Re: [HACKERS] POC: Sharing record typmods between backends - Mailing list pgsql-hackers

From Andres Freund
Subject Re: [HACKERS] POC: Sharing record typmods between backends
Date
Msg-id 20170725100906.rroaddzbhxge7ubt@alap3.anarazel.de
Whole thread Raw
In response to Re: [HACKERS] POC: Sharing record typmods between backends  (Thomas Munro <thomas.munro@enterprisedb.com>)
List pgsql-hackers
On 2017-07-10 21:39:09 +1200, Thomas Munro wrote:
> Here's a new version that introduces a per-session DSM segment to hold
> the shared record typmod registry (and maybe more things later).

You like to switch it up. *.patchset.tgz??? ;)


It does concern me that we're growing yet another somewhat different
hashtable implementation. Yet I don't quite see how we could avoid
it. dynahash relies on proper pointers, simplehash doesn't do locking
(and shouldn't) and also relies on pointers, although to a much lesser
degree.  All the open coded tables aren't a good match either.  So I
don't quite see an alternative, but I'd love one.


Regards,

Andres

diff --git a/src/backend/lib/dht.c b/src/backend/lib/dht.c
new file mode 100644
index 00000000000..2fec70f7742
--- /dev/null
+++ b/src/backend/lib/dht.c

FWIW, not a big fan of dht as a filename (nor of dsa.c). For one DHT
usually refers to distributed hash tables, which this is not, and for
another the abbreviation is so short it's not immediately
understandable, and likely to conflict further.  I think it'd possibly
ok to have dht as symbol prefixes, but rename the file to be longer.

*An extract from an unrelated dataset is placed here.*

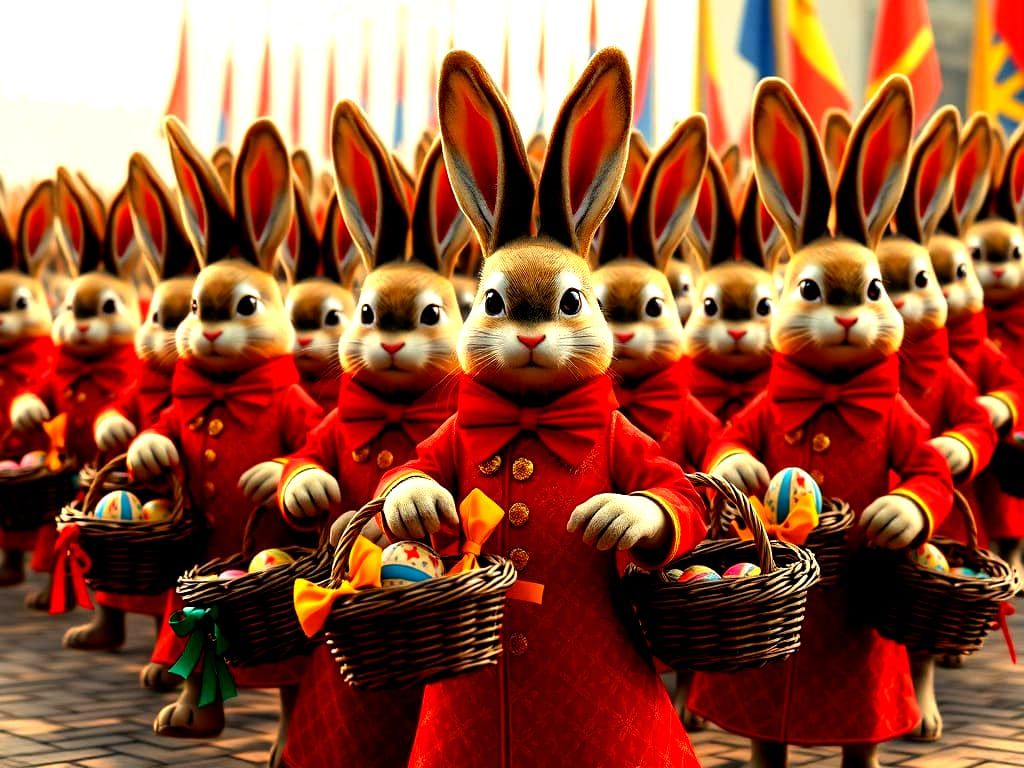 Easter Bunny Revolution in Soviet Style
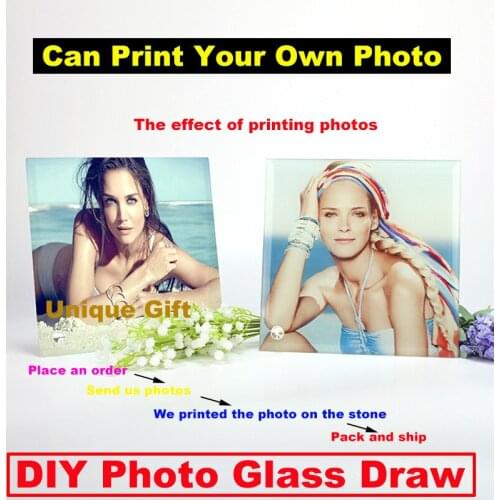 DIY Photo Glass draw 20*20cm custom your photo on glass Decoration Picture for Gift,Print your picture on the Glass BL-25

+ * To deal with currency, it has a fixed size set of partitions, each of which
+ * is independently locked.

s/currency/concurrency/ I presume.


+ * Each bucket maps to a partition; so insert, find
+ * and iterate operations normally only acquire one lock.  Therefore, good
+ * concurrency is achieved whenever they don't collide at the lock partition

s/they/operations/?


+ * level.  However, when a resize operation begins, all partition locks must
+ * be acquired simultaneously for a brief period.  This is only expected to
+ * happen a small number of times until a stable size is found, since growth is
+ * geometric.

I'm a bit doubtful that we need partitioning at this point, and that it
doesn't actually *degrade* performance for your typmod case.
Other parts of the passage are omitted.